**RECORDS FOR THIS TASK**
▶

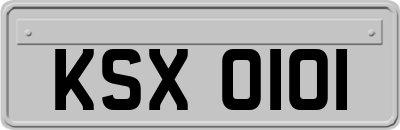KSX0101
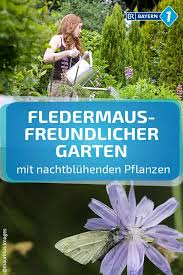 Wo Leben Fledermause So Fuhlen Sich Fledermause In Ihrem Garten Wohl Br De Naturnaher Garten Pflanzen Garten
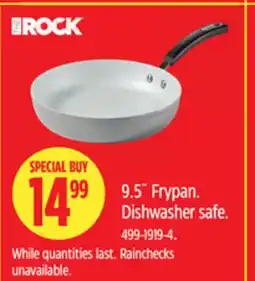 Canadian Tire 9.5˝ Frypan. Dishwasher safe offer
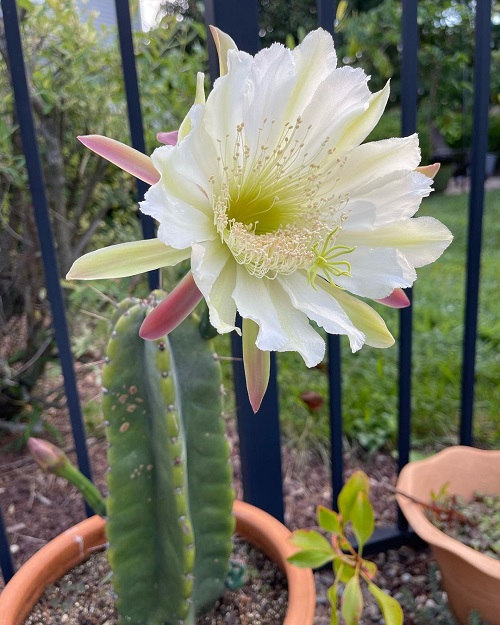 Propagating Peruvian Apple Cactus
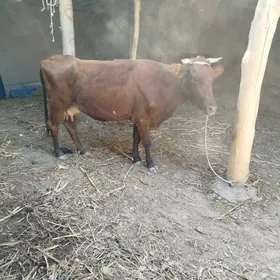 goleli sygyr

◀
▶

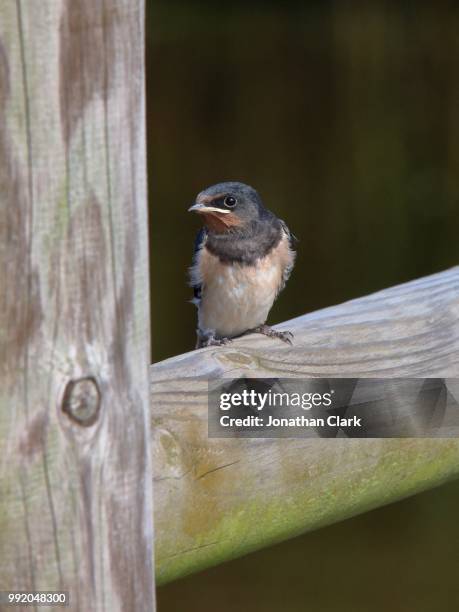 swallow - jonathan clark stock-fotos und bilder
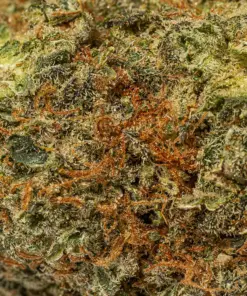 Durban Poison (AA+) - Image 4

◀
▶

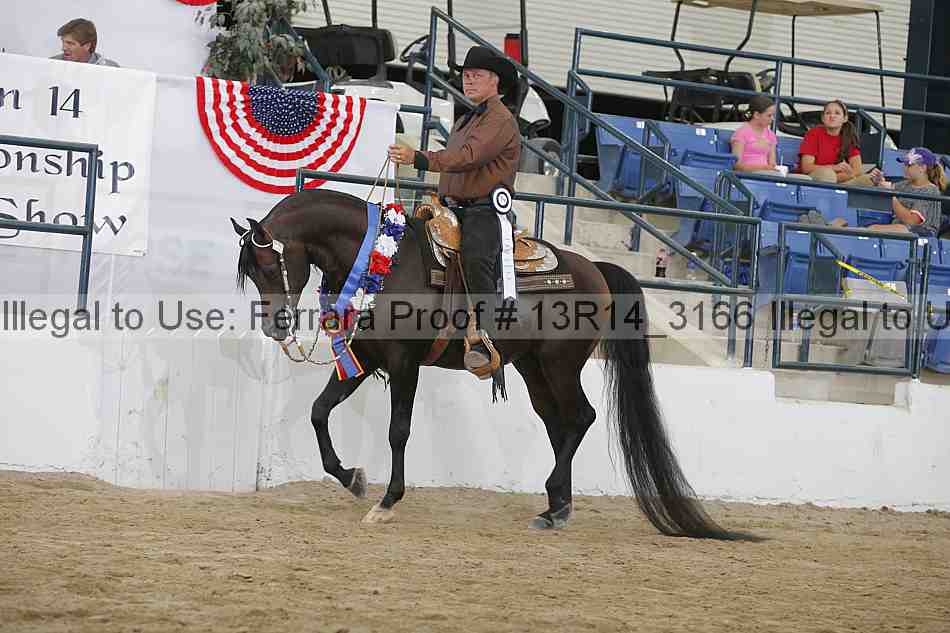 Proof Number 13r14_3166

◀

**WORK ITEM**
The answer is those lines of the material above that run from the one containing "Canadian Tire 9.5˝" up to and including the one containing "goleli sygyr", restated exactly and without images.

**EXERCISE RESPONSE**
 Canadian Tire 9.5˝ Frypan. Dishwasher safe offer
 Propagating Peruvian Apple Cactus
 goleli sygyr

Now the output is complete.